报告1：Strength Statistics of Single Crystals and Metallic Glasses under Small Stressed Volumes
主 持 人：高志文 副教授
The plastic deformation of crystalline and amorphous metals/alloys shows a general trend of "smaller is stronger". However, most studies have been focused on finding and reasoning the scaling slope or exponent in the logarithmic plot of strength versus size. Here we show that the universal picture should rather be the thermally activated nucleation mechanisms in small stressed volume, the stochastic behavior as to find the weakest links in intermediate sizes of the stressed volume, and the convolution of these two mechanisms with respect to variables such as indenter radius in nanoindentation pop-in, crystallographic orientation, pre-strain level, sample length as in uniaxial tests, and others. Experiments that cover the entire spectrum of length scales and a unified model that treats both thermal activation and spatial stochasticity have discovered new perspectives in understanding and correlating the strength statistics in a vast of observations in nanoindentation, micro-pillar compression, and fiber/whisker tension tests of single crystals and metallic glasses.

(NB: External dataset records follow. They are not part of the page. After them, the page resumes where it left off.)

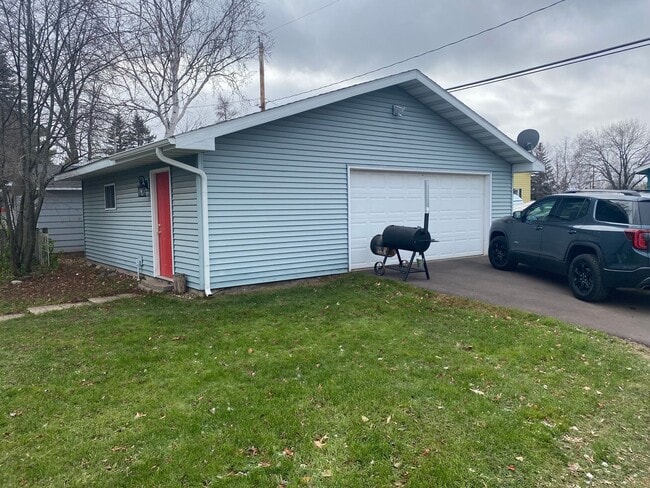 Building Photo - Spacious 3 Bedroom Billings Park Home with...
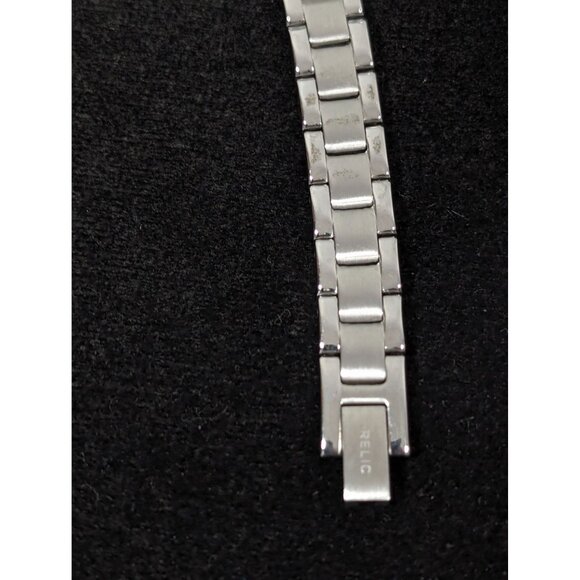 Relic Womens Silver Stainless Steel Watch Quartz Analog 5.5 in Wrist - Picture 4 of 10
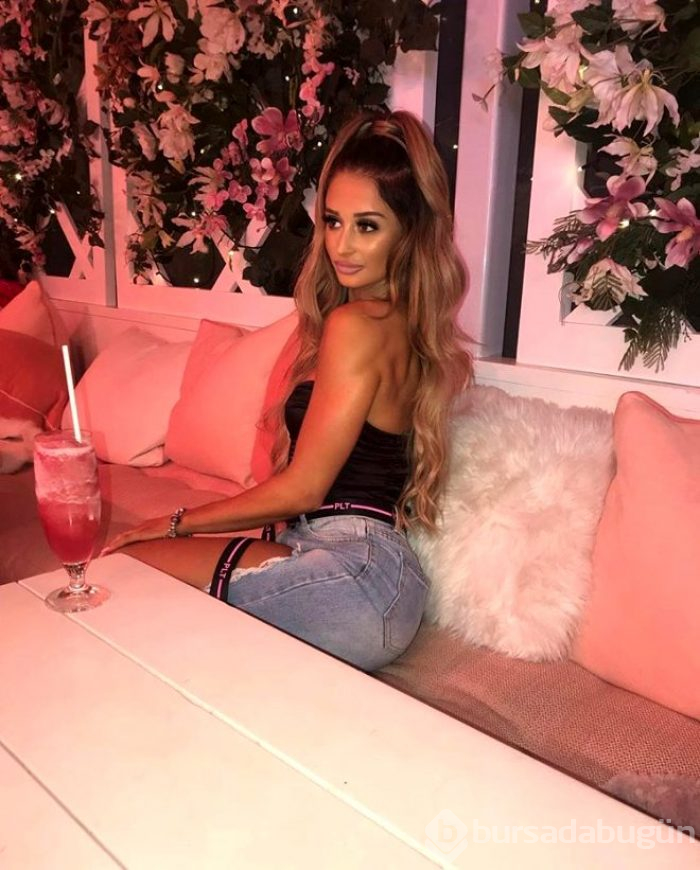 Laura Merrin'i gören model sanıyor... Asıl mesleği şaşırtıyor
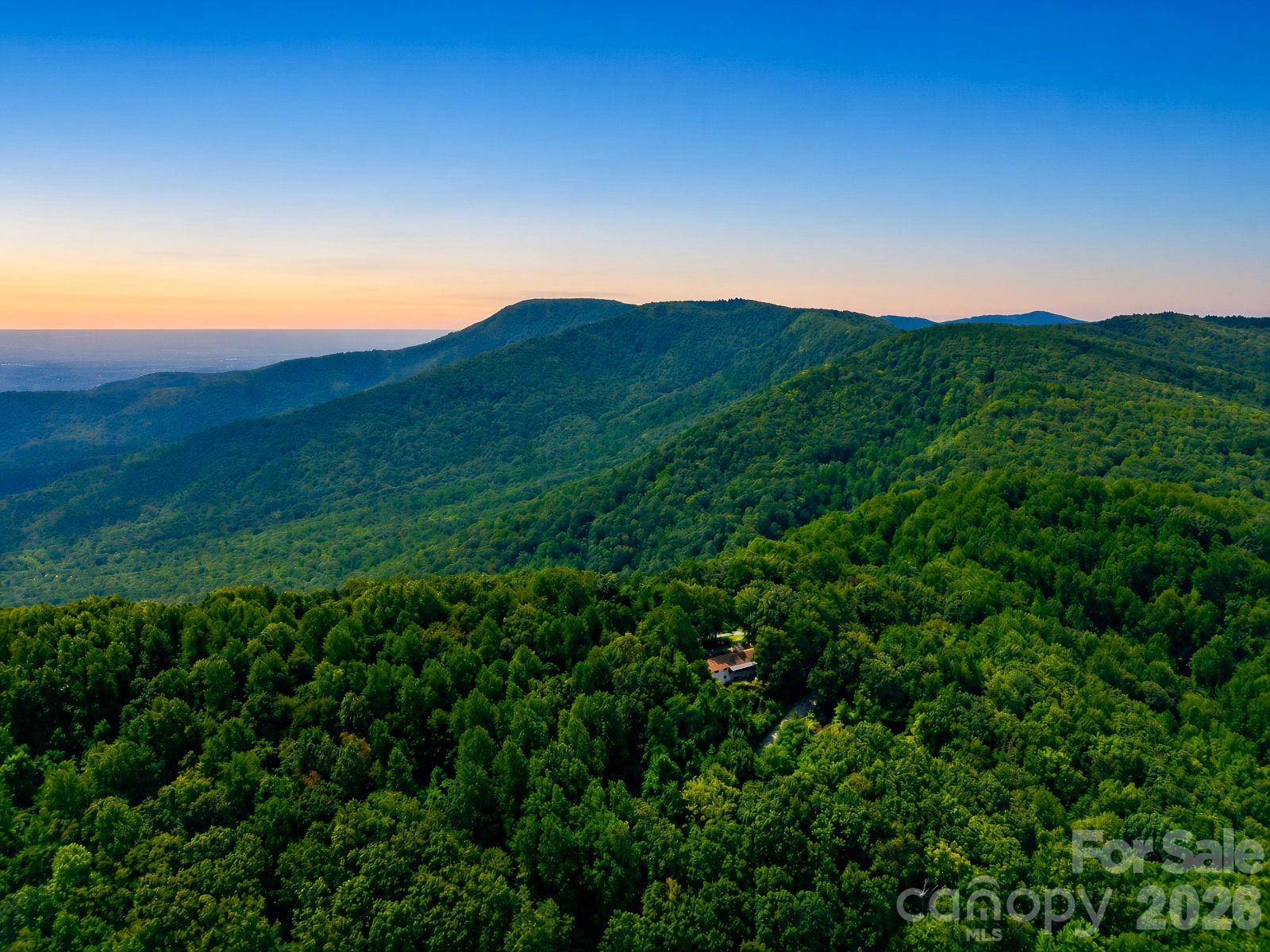 327 Summit Road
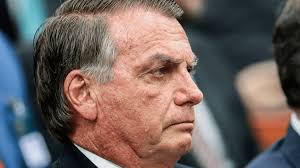 Veja 5 discordâncias entre juristas na decisão de Moraes sobre Bolsonaro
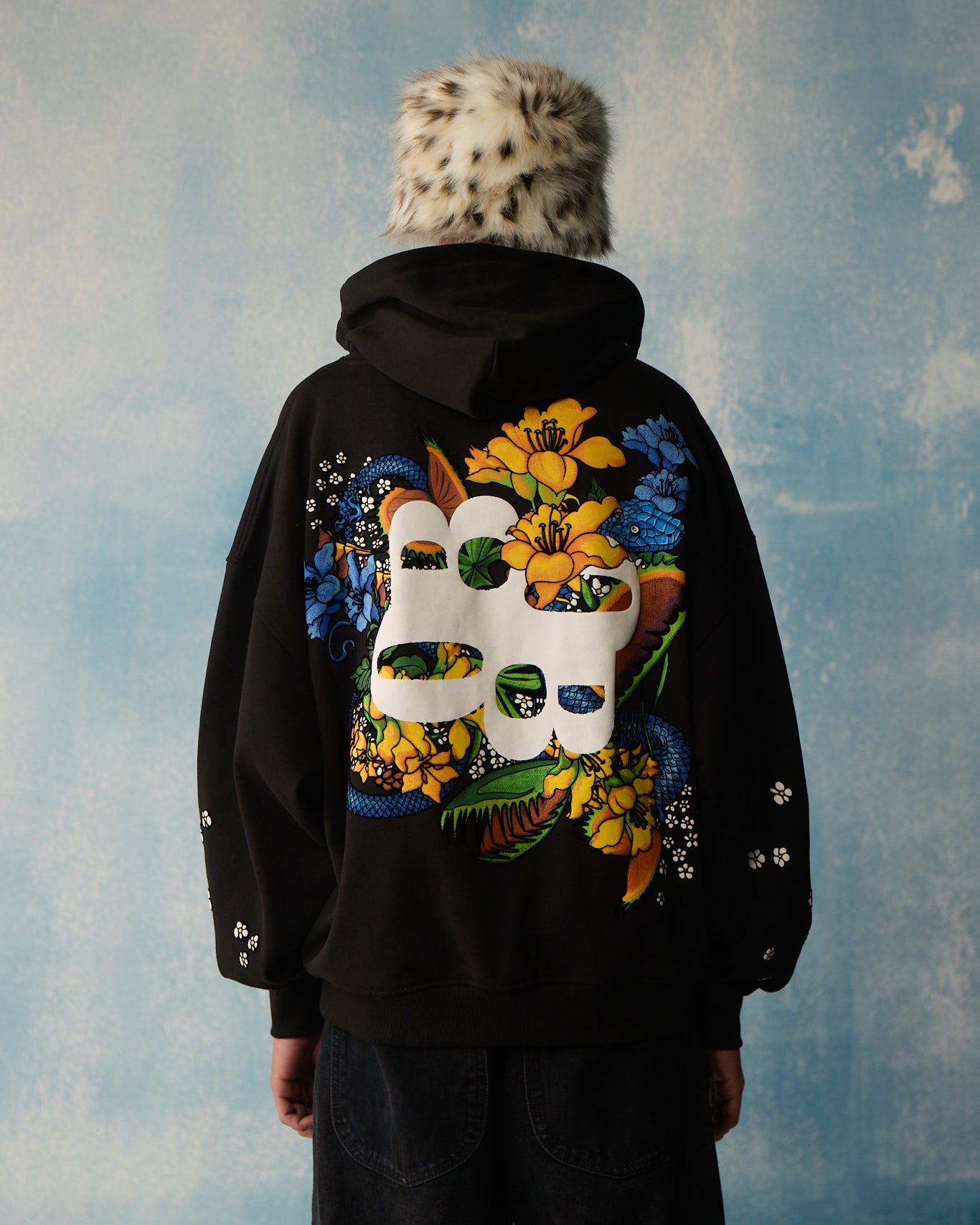 BLACK POISON PETALS ZIPPER HOODIE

报告2：Nanomechanics of Atomic Friction
主 持 人：高志文 副教授
For well-defined contacts with sizes less than hundreds of nanometers, the friction force-displacement curves are characterized by the stick-slip behavior, which are very sensitive to surface atomic structure, lattice mismatch or incommensurability, sliding velocity, surrounding temperature, to name a few. While the stick-slip behavior can be modeled by the one-degree-of-freedom Tomlinson model, it cannot explain the role of lattice structure and interface defects. Molecular simulations, on the other hand, suffer the temporal limitations and thus have difficulties in modeling the dependence on velocity and temperature. In this work, a Peierls-type model is developed which views the sliding process as the initiation and gliding passage of interface dislocations with diffused cores. The dependence of the friction behavior on the contact size is naturally due to the introduction of the dislocation core size. The spatially inhomogeneous nature of rate-limiting processes is successfully determined, from which a quantitative comparison to the thermally activated friction behavior can be made. A number of experiments in literature will be compared.
主 持 人：高志文 副教授
Yanfei Gao is a Professor at Department of Materials Science and Engineering, University of Tennessee, USA. He received his BS degree in Engineering Mechanics and a dual BS degree in Computer Science from Tsinghua University in 1999, and PhD from Princeton (advised by Prof. Zhigang Suo) in 2003. After a two-year post-doctoral training at Brown University, he joined the University of Tennessee and Oak Ridge National Laboratory in 2005. His research activities have been focusing on deformation and failure of advanced structural materials such as metallic glasses, superalloys, high entropy alloys, and structural ceramics. He has published more than 120 journal papers, many of which are in Journal of the Mechanics and Physics of Solids and Acta Materialia. His research has been mostly sponsored by the US National Science Foundation and Department of Energy.